# Classifying planetary bodies by radius and density

In [None]:
import pandas as pd
import matplotlib.pyplot as plt

In [None]:
planetary_data = pd.read_csv('../input/solar-system-radius-and-density-data/planetary_data.csv', header=0)
planetary_data = planetary_data.set_index('Body', drop=True)

radius = planetary_data['RadiusSI']
density = planetary_data['DensitySI']

plt.figure(figsize=(12, 9))
plt.scatter(density, radius)
plt.title('Variation in planetary radii with density')
plt.xlabel('Density $kg\,m^{-3}$')
plt.ylabel('Radius $km$')
plt.yscale('log')
plt.grid(axis='both', which='both')
plt.show()
plt.close()

## Using scikit-learn and K-means clustering to classify planetary bodies

With the planetary data plotted by density and radius as above, we can attempt to group each body into a number of classification groups. We will arrange the data into the following categories:

* Giant planets: this should include Jupiter, Saturn, Uranus and Neptune.
* Terrestrial planets: as well as the four inner planets, we would expect rocky moons like Io and Europa to fit this category.
* Icy moons, for example Ganymede and Titan ("yes, sir, I've been around...").
* Asteroids and comets. This should also include smaller, irregular-shaped moons.

Scikit-learn is a widely used machine learning library for Python and provides a range of tools for the problem described above. We will not make any leading assumptions about the bodies and will therefore not assign any initial categories for them. Therefore, this becomes an unsupervised classification problem. The K-means clustering algorithm lends itself particularly well to problems of this description.

To begin with, we will import the `sklearn.cluster` and `numpy` packages.

In [None]:
import sklearn.cluster as cluster
import numpy as np

We have designated four-categories above, so will create a dict to map numeric categories to colours. This will allow us to distinguish the category of each body in a scatter plot.

In [None]:
colour_dict = {0: 'r', 1: 'g', 2: 'b', 3: 'y'}

The next stage is to actually training the clustering algorithm. We will not be using this to predict the categories of new samples, so training against the complete dataset is satisfactory here. In this case, the clustering algorithm works best against logarithmic data, so we will make this transformation. This will then need to be transposed before calling the `KMeans` function itself.

In [None]:
# Create the learning algorithm, fitted to the planetary data
log_data = np.array([np.log10(x) for x in [density, radius]]).transpose()
kmeans = cluster.KMeans(n_clusters=len(colour_dict), random_state=0).fit(log_data)

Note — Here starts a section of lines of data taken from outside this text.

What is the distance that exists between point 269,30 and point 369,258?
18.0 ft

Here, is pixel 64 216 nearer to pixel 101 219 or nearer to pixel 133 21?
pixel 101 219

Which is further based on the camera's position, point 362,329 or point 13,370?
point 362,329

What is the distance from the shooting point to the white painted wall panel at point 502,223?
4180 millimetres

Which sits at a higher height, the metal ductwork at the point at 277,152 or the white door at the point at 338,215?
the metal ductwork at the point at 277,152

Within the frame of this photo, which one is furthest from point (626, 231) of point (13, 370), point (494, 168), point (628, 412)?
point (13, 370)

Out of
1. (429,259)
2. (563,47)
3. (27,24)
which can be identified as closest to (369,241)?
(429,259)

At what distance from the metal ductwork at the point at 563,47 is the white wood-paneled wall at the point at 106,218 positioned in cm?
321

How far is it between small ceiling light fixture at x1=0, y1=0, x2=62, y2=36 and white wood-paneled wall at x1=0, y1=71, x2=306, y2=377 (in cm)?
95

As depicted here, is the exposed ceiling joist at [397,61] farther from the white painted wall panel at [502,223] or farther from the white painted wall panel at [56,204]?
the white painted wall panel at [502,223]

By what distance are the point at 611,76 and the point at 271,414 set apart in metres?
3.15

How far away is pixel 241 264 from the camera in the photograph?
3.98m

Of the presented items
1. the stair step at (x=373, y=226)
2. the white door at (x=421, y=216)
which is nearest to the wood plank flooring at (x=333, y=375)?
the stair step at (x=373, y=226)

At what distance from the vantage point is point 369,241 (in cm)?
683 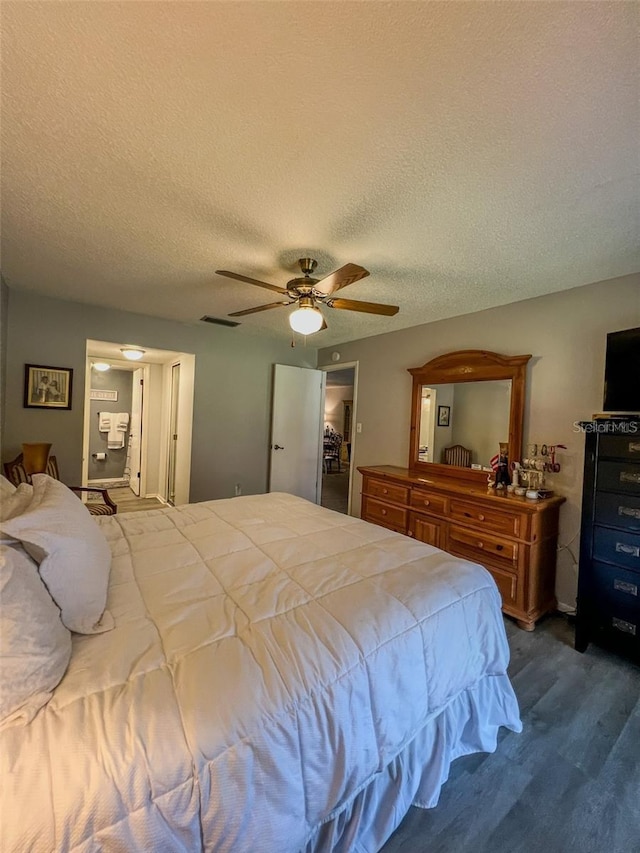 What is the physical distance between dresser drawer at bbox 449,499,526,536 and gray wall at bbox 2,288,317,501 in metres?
2.75

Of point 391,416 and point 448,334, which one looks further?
point 391,416

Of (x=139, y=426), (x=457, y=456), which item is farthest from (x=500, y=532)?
(x=139, y=426)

# Determine the clusters using this algorithm and fit this to the planetary data
planetary_data['Cluster'] = kmeans.predict(log_data)

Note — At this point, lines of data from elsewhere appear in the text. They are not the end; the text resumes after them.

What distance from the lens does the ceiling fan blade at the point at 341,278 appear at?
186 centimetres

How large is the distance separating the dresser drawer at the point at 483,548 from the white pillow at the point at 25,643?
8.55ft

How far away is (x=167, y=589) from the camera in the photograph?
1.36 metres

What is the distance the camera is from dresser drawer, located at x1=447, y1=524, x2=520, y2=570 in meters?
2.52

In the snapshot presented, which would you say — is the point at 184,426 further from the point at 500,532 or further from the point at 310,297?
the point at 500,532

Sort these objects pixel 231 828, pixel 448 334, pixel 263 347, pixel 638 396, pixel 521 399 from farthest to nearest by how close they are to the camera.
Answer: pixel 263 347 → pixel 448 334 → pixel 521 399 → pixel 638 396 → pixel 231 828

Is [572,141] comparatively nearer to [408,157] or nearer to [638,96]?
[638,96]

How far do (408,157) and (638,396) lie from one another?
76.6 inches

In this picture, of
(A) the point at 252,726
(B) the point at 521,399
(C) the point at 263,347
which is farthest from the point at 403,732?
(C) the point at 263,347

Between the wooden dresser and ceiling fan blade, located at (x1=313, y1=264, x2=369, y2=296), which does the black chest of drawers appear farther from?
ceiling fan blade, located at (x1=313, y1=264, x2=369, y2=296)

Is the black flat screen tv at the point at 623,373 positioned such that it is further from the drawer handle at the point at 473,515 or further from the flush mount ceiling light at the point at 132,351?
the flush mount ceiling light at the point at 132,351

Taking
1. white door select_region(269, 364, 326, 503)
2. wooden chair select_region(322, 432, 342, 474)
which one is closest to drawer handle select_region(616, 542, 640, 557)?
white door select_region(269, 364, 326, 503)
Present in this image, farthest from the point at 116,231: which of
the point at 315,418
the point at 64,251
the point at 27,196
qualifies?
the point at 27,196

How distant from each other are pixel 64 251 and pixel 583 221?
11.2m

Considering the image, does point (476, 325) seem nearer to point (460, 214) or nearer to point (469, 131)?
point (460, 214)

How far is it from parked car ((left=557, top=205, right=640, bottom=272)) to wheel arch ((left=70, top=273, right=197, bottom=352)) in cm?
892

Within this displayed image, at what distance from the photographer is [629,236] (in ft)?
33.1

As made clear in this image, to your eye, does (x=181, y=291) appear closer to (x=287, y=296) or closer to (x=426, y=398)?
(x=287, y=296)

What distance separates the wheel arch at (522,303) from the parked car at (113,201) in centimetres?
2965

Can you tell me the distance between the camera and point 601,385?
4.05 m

We output the cluster numbers for each body and then provide labels for each. We will rearrange the clusters so that each body in the same cluster is assigned a category label corresponding to an expected example.

In [None]:
category_labels = {0: 'Terrestrial planet', 1: 'Asteroid/comet', 2: 'Icy moon', 3: 'Giant planet'}
num_category_labels = len(category_labels)

mercury_cluster = planetary_data.loc['Mercury', 'Cluster']
phobos_cluster = planetary_data.loc['Phobos', 'Cluster']
mimas_cluster = planetary_data.loc['Mimas', 'Cluster']
jupiter_cluster = planetary_data.loc['Jupiter', 'Cluster']

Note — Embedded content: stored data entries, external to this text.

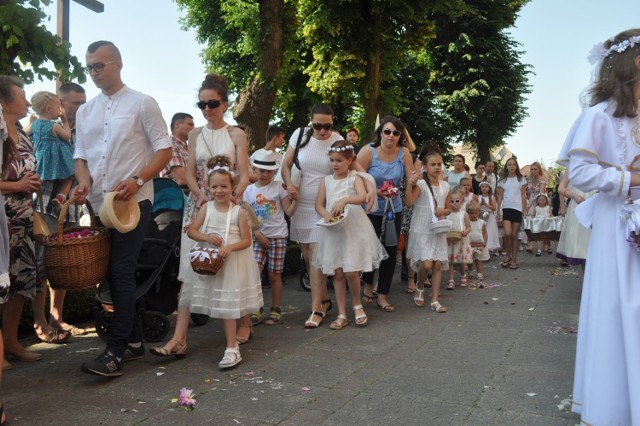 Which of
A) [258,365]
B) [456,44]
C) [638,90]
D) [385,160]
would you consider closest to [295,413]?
[258,365]

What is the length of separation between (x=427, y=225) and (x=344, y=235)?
1.78 metres

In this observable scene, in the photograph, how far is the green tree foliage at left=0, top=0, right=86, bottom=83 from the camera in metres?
6.11

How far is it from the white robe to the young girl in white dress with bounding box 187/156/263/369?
→ 2565 millimetres

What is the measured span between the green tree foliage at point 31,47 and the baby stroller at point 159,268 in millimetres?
1932

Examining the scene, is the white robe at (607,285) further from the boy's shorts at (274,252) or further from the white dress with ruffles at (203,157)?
the boy's shorts at (274,252)

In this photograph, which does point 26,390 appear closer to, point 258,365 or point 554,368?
point 258,365

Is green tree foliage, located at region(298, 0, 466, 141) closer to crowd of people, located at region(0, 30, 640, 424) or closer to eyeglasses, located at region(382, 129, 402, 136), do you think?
crowd of people, located at region(0, 30, 640, 424)

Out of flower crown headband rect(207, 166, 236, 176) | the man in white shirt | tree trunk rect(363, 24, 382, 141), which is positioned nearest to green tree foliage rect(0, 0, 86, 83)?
Answer: the man in white shirt

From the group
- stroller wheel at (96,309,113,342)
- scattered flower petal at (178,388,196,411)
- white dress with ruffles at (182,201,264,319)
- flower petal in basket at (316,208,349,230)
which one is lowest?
scattered flower petal at (178,388,196,411)

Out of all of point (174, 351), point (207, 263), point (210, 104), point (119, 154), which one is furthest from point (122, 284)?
point (210, 104)

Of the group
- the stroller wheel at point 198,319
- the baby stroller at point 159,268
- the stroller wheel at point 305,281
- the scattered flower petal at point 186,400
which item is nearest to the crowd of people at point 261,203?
the baby stroller at point 159,268

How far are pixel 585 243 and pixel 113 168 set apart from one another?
6071mm

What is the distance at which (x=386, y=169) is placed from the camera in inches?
296

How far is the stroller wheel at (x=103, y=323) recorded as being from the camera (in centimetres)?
553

# Assign temporary values to the cluster of each body. This prevents a body from another category being assigned the same value.
planetary_data.loc[planetary_data['Cluster'] == mercury_cluster, 'Cluster'] = mercury_cluster + num_category_labels
planetary_data.loc[planetary_data['Cluster'] == phobos_cluster, 'Cluster'] = phobos_cluster + num_category_labels
planetary_data.loc[planetary_data['Cluster'] == mimas_cluster, 'Cluster'] = mimas_cluster + num_category_labels
planetary_data.loc[planetary_data['Cluster'] == jupiter_cluster, 'Cluster'] = jupiter_cluster + num_category_labels

# Reassign the cluster values.
planetary_data['Cluster'] = planetary_data['Cluster'] - num_category_labels

Once the labels have been created, we can update the table to display these.

In [None]:
def set_categories(data, category_labels):
    data['Category'] = [category_labels[x] for x in data['Cluster']]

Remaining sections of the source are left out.